Input records:
■ ■ ■
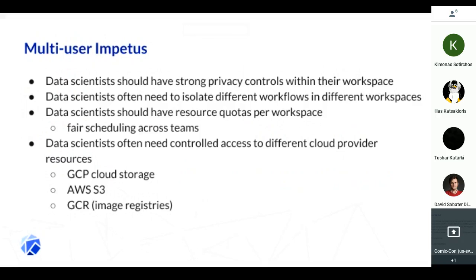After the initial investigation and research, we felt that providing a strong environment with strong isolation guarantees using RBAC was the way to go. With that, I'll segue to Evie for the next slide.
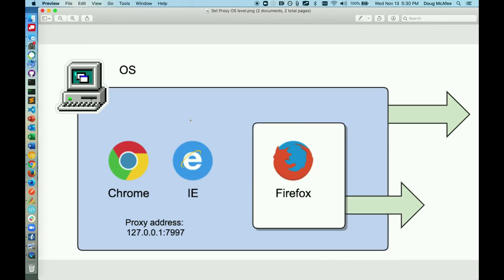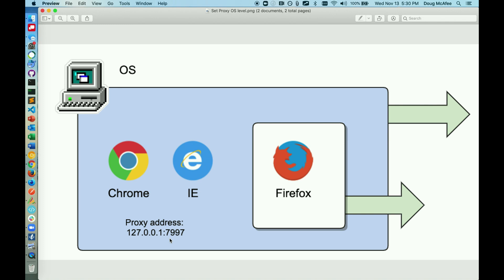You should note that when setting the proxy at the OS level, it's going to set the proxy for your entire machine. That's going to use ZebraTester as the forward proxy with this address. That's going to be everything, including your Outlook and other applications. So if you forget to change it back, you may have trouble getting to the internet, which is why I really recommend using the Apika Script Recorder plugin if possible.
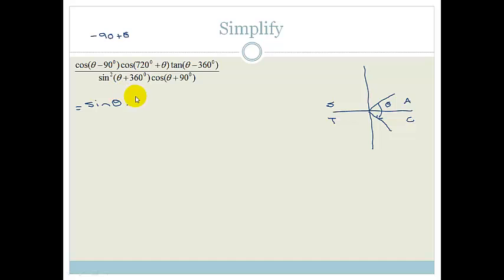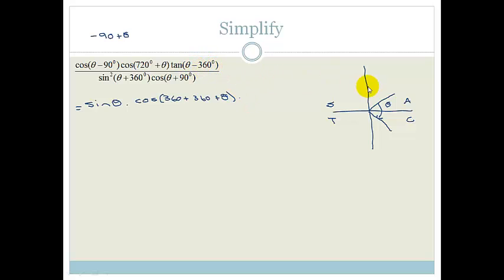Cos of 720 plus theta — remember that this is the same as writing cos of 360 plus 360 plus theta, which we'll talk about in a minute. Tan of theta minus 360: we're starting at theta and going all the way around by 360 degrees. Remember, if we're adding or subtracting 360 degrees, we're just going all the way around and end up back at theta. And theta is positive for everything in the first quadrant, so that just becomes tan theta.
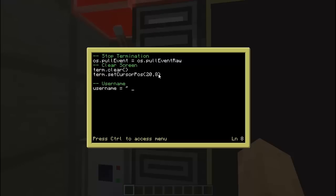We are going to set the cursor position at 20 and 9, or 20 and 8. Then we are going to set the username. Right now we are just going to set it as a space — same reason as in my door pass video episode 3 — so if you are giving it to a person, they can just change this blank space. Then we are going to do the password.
■ ■ ■
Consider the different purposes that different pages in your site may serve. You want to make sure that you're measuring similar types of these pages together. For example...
■ ■ ■
Work required: Write out again exactly the lines above from the one with "After the initial" through the one with "You should note", adding no other lines and no pictures.

Answer section:
After the initial investigation and research, we felt that providing a strong environment with strong isolation guarantees using RBAC was the way to go. With that, I'll segue to Evie for the next slide.
You should note that when setting the proxy at the OS level, it's going to set the proxy for your entire machine. That's going to use ZebraTester as the forward proxy with this address. That's going to be everything, including your Outlook and other applications. So if you forget to change it back, you may have trouble getting to the internet, which is why I really recommend using the Apika Script Recorder plugin if possible.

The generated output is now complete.